• _What you have to do_: Write out all the data verbatim. Skip images.

Web page caption snippets
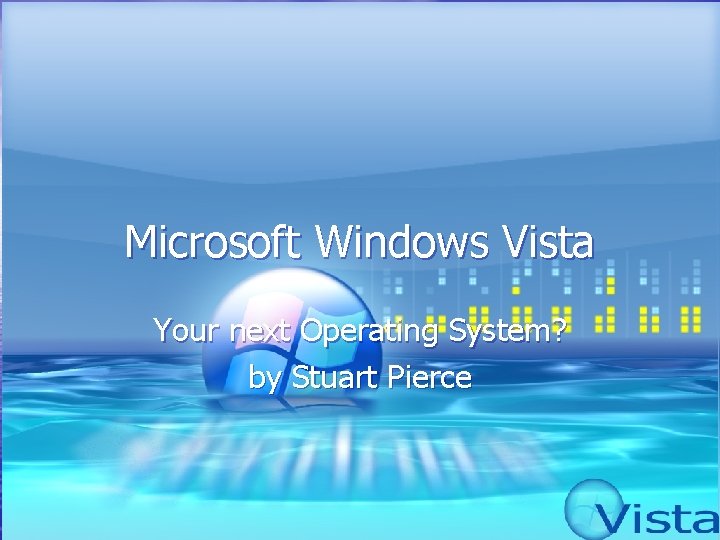 Microsoft Windows Vista Your next Operating System? by Stuart Pierce 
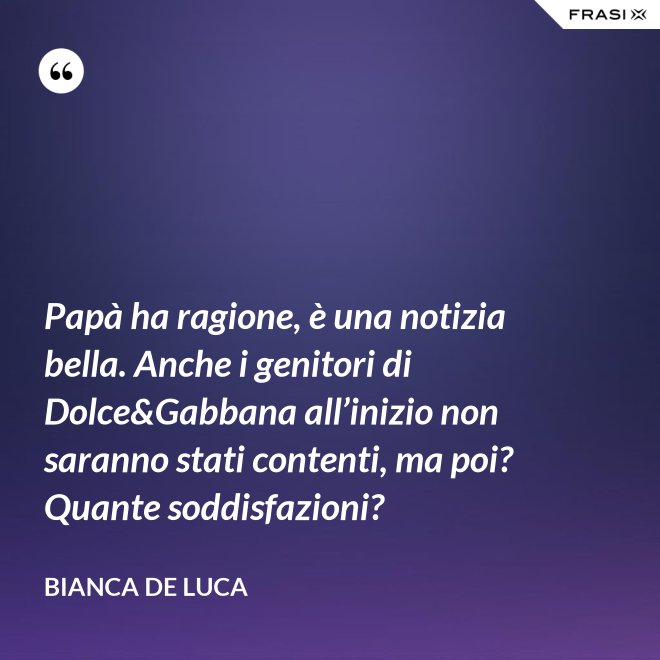 Papà ha ragione, è una notizia bella. Anche i genitori di Dolce&Gabbana all’inizio non saranno stati contenti, ma poi? Quante soddisfazioni? - Bianca De Luca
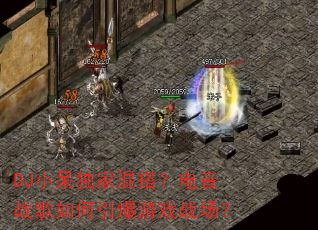 DJ小呆独家混搭?电音战歌如何引爆游戏战场? DJ小呆独家混搭?电音战歌如何引爆游戏战场?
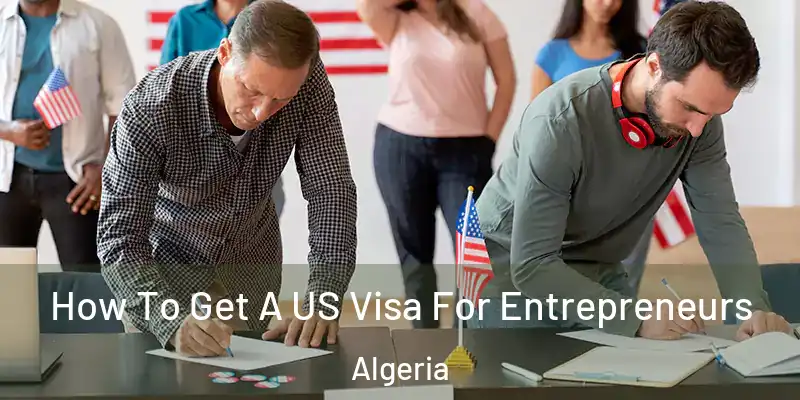  How To Get A US Visa For Entrepreneurs Algeria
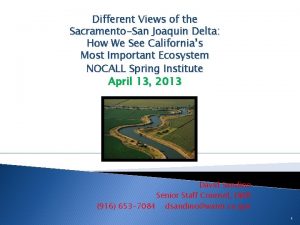 Different Views of the SacramentoSan Joaquin Delta How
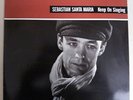 SEBASTIAN SANTA MARIA - Keep On Singing / There S No Place Like Home - Maxi 45t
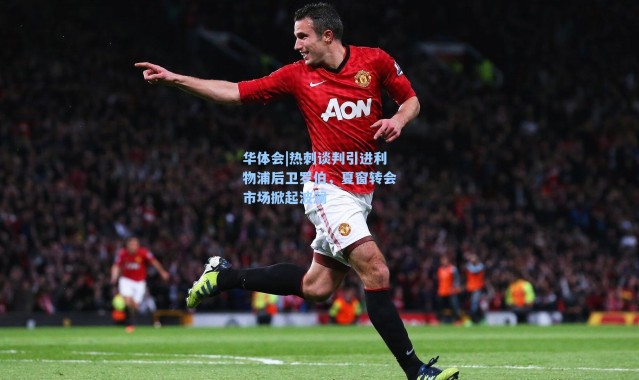 华体会|热刺谈判引进利物浦后卫罗伯，夏窗转会市场掀起波澜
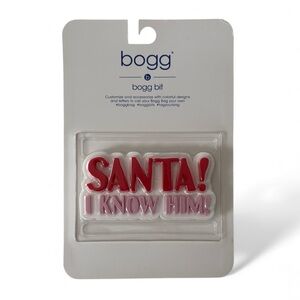 Bogg Bag Bogg Bits "Santa! I Know Him" Festive Charm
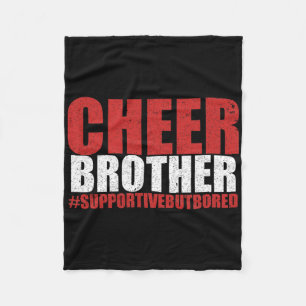 Funny Cheerleading Bro Cheer Brother Supportive Bu Fleece Blanket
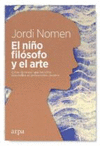 NI�O FILOSOFO Y EL ARTE, EL. COMO FAVORECER QUE LOS NI�OS DESARROLLEN EL PENSAMIENTO CREATIVO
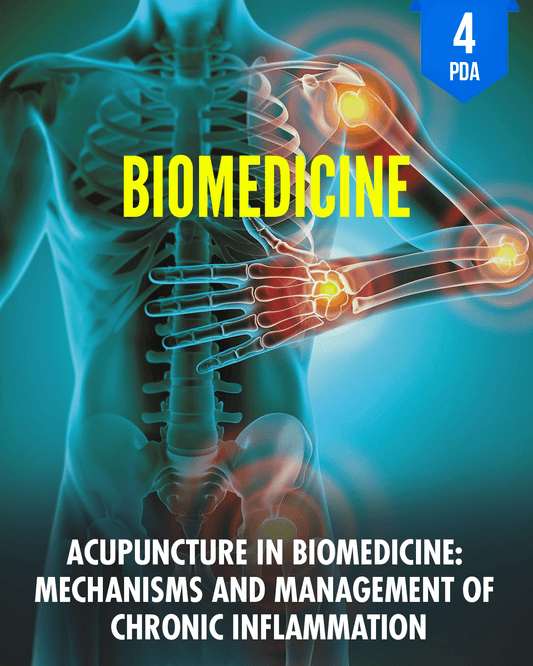 Acupuncture in Biomedicine: Mechanisms and Management of Chronic Inflammation - NCCAOM Approved Acupuncture Continuing Education, AOM & Biomedicine, 4 PDA/CEU ACEU Masters continuing education florida california nccaom australia uk canada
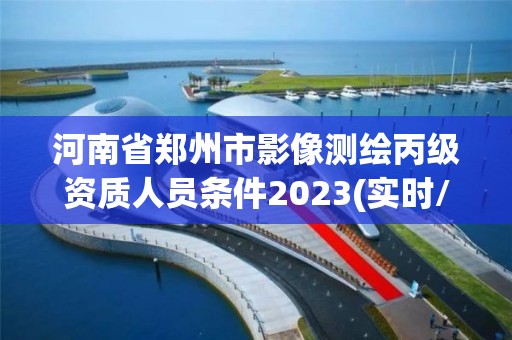 河南省郑州市影像测绘丙级资质人员条件2023(实时/更新中)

• _Expected answer_:
 Microsoft Windows Vista Your next Operating System? by Stuart Pierce 
 Papà ha ragione, è una notizia bella. Anche i genitori di Dolce&Gabbana all’inizio non saranno stati contenti, ma poi? Quante soddisfazioni? - Bianca De Luca
 DJ小呆独家混搭?电音战歌如何引爆游戏战场? DJ小呆独家混搭?电音战歌如何引爆游戏战场?
  How To Get A US Visa For Entrepreneurs Algeria
 Different Views of the SacramentoSan Joaquin Delta How
 SEBASTIAN SANTA MARIA - Keep On Singing / There S No Place Like Home - Maxi 45t
 华体会|热刺谈判引进利物浦后卫罗伯，夏窗转会市场掀起波澜
 Bogg Bag Bogg Bits "Santa! I Know Him" Festive Charm
 Funny Cheerleading Bro Cheer Brother Supportive Bu Fleece Blanket
 NI�O FILOSOFO Y EL ARTE, EL. COMO FAVORECER QUE LOS NI�OS DESARROLLEN EL PENSAMIENTO CREATIVO
 Acupuncture in Biomedicine: Mechanisms and Management of Chronic Inflammation - NCCAOM Approved Acupuncture Continuing Education, AOM & Biomedicine, 4 PDA/CEU ACEU Masters continuing education florida california nccaom australia uk canada
 河南省郑州市影像测绘丙级资质人员条件2023(实时/更新中)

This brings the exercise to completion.